(WHAT TO PRODUCE): For each line below that holds the word "then", make a copy.

(DATA FOR THE TASK):
((

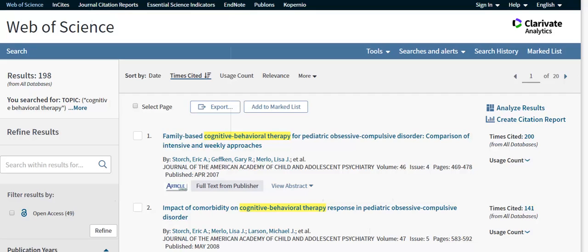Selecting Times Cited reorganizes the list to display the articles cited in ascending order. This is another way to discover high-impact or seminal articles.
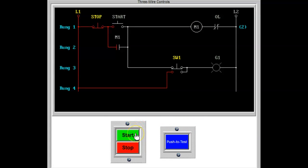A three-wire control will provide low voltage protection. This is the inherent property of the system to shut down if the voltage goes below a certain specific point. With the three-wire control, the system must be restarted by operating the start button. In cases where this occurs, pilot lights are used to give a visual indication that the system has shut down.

))
((

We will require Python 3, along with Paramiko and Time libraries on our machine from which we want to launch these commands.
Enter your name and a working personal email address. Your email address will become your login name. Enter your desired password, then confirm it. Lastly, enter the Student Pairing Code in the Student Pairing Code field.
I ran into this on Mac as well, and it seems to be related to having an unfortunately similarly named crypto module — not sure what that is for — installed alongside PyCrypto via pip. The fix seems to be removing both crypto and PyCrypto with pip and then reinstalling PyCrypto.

))

(TASK SOLUTION):
Enter your name and a working personal email address. Your email address will become your login name. Enter your desired password, then confirm it. Lastly, enter the Student Pairing Code in the Student Pairing Code field.
I ran into this on Mac as well, and it seems to be related to having an unfortunately similarly named crypto module — not sure what that is for — installed alongside PyCrypto via pip. The fix seems to be removing both crypto and PyCrypto with pip and then reinstalling PyCrypto.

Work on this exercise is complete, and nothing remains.